WORK INSTRUCTION
Your response should consist of the records, reproduced exactly.

DATA RECORDS
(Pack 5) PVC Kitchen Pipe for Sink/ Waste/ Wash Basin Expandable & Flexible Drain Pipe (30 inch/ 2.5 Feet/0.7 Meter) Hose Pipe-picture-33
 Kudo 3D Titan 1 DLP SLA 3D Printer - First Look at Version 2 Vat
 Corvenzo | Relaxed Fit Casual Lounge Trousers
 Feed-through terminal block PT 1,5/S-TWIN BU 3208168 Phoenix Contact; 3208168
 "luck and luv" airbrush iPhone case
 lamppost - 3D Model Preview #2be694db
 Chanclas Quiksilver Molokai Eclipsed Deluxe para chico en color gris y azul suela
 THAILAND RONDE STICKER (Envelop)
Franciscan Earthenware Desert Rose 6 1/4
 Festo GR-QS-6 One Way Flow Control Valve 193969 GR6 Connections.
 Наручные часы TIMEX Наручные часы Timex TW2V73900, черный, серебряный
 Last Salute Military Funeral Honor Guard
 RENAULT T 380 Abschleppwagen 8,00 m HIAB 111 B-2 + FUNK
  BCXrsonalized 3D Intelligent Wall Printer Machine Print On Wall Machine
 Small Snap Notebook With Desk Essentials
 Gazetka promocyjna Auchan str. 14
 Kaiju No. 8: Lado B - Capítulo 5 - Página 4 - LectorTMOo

EXERCISE SOLUTION
(Pack 5) PVC Kitchen Pipe for Sink/ Waste/ Wash Basin Expandable & Flexible Drain Pipe (30 inch/ 2.5 Feet/0.7 Meter) Hose Pipe-picture-33
 Kudo 3D Titan 1 DLP SLA 3D Printer - First Look at Version 2 Vat
 Corvenzo | Relaxed Fit Casual Lounge Trousers
 Feed-through terminal block PT 1,5/S-TWIN BU 3208168 Phoenix Contact; 3208168
 "luck and luv" airbrush iPhone case
 lamppost - 3D Model Preview #2be694db
 Chanclas Quiksilver Molokai Eclipsed Deluxe para chico en color gris y azul suela
 THAILAND RONDE STICKER (Envelop)
Franciscan Earthenware Desert Rose 6 1/4
 Festo GR-QS-6 One Way Flow Control Valve 193969 GR6 Connections.
 Наручные часы TIMEX Наручные часы Timex TW2V73900, черный, серебряный
 Last Salute Military Funeral Honor Guard
 RENAULT T 380 Abschleppwagen 8,00 m HIAB 111 B-2 + FUNK
  BCXrsonalized 3D Intelligent Wall Printer Machine Print On Wall Machine
 Small Snap Notebook With Desk Essentials
 Gazetka promocyjna Auchan str. 14
 Kaiju No. 8: Lado B - Capítulo 5 - Página 4 - LectorTMOo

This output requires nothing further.